Animators will be able to sketch and cleanup their animation in vpaint in a way that has been done for decades
it will only take a single command to implement this workflow - "select all lines with the same color".
Might be useful for other scenarios than cleanup as well
I see. It might be generally useful, so I don't see a reason not to implement it. but you would really really want to create a new layer for that in VPaint, as it computes intersectionS and auto-snapping with existing strokes, to create the connectivity that allow painting with the paint bucket. Doing the workflow you suggest in VPaint would really mess up your document ;-)
might be usefull to do before applying any tweening. Yeah, you are right, it would make absolutely no sense to keep the blue lines on a layer where you do tweening.
On Mon, Aug 31, 2015 at 8:10 PM, Boris Dalstein notifications@github.com wrote:
I see. It might be generally useful, so I don't see a reason not to implement it. but you would really really want to create a new layer for that in VPaint, as it computes intersectionS and auto-snapping with existing strokes, to create the connectivity that allow painting with the paint bucket. Doing the workflow you suggest in VPaint would really mess up your document ;-)
— Reply to this email directly or view it on GitHub https://github.com/dalboris/vpaint/issues/34#issuecomment-136430946.
http://wiki.blender.org/index.php/Doc:2.4/Manual/Modeling/Objects/Selecting#Description_4 It's useful. I use it in Blender all the time. Despite the fact that object may be organized on X, Y, Z, Layer, and Grouping, it's handy to be able to collect objects by Color for the same reason it's useful to collect them by any other criteria.
Ok, cool, that's interesting, I've never used things like that :-)
vpaint currently can not hold a drawing for more than one frame. That actually makes it impossible to do key poses first pass of an animation in it.

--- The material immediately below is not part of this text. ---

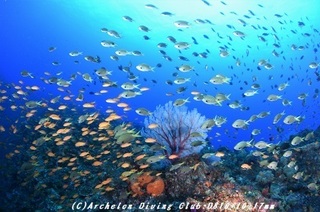 funatuke180926-08.jpg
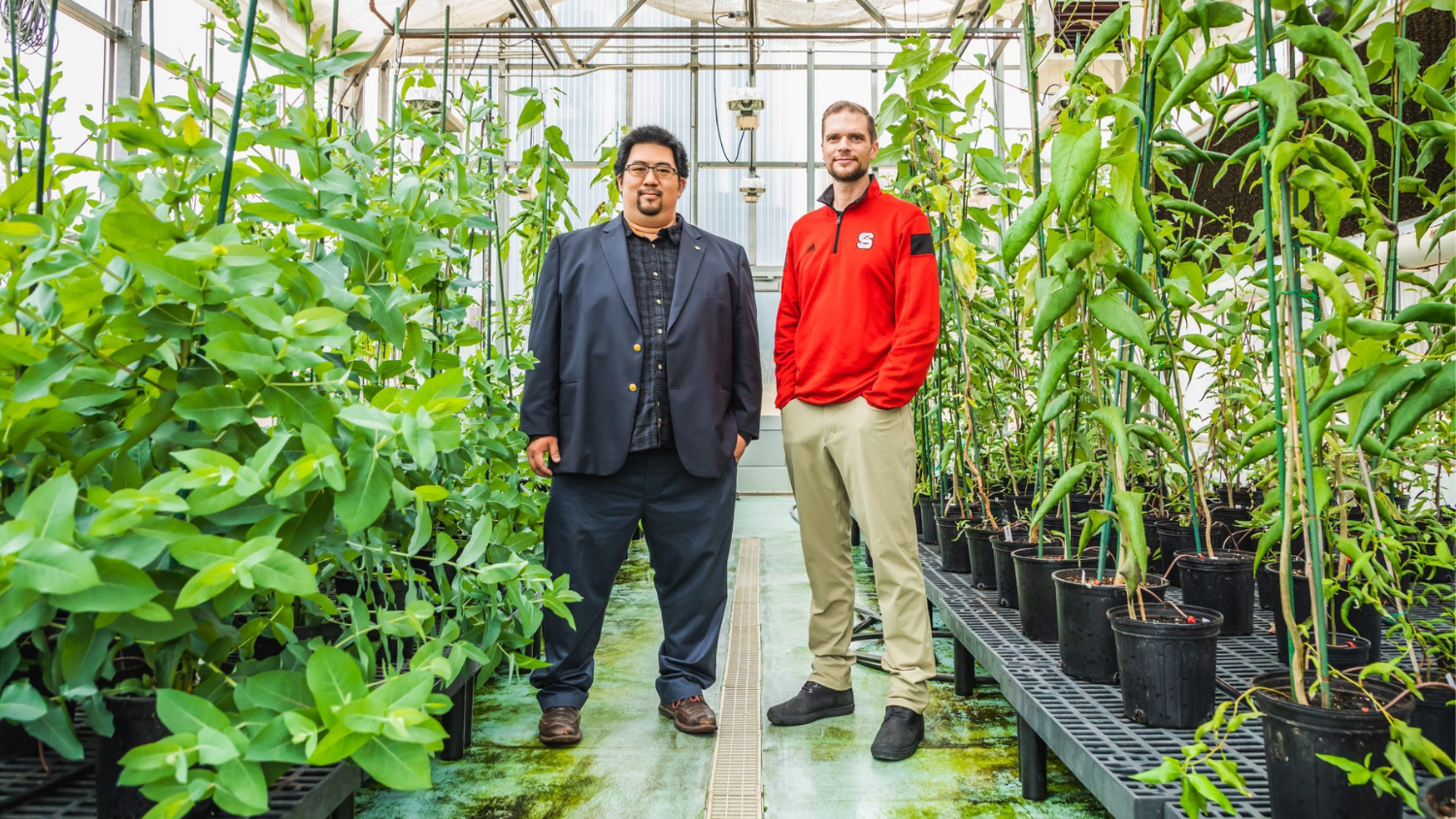 two men surrounded by plants in greenhouse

I was about to say: "as a workaround, you can just motion-paste the frame", but then I realized that it is not a suitable solution since it doesn't allow you to easily modify all "identical frames from the hold" at once. I think that's a very important point you raised, I will think about the best way to implement this.
A temporary solution, super easy to implement, is to add a feature to play on 2s, 4s, 8s, etc. (it is standard and have to be implemented anyway), but only works if you are consistently drawing on 2s, 4s, 8s, etc. I'll think about how to address the more general worklow allowing different key poses to be hold for different duration.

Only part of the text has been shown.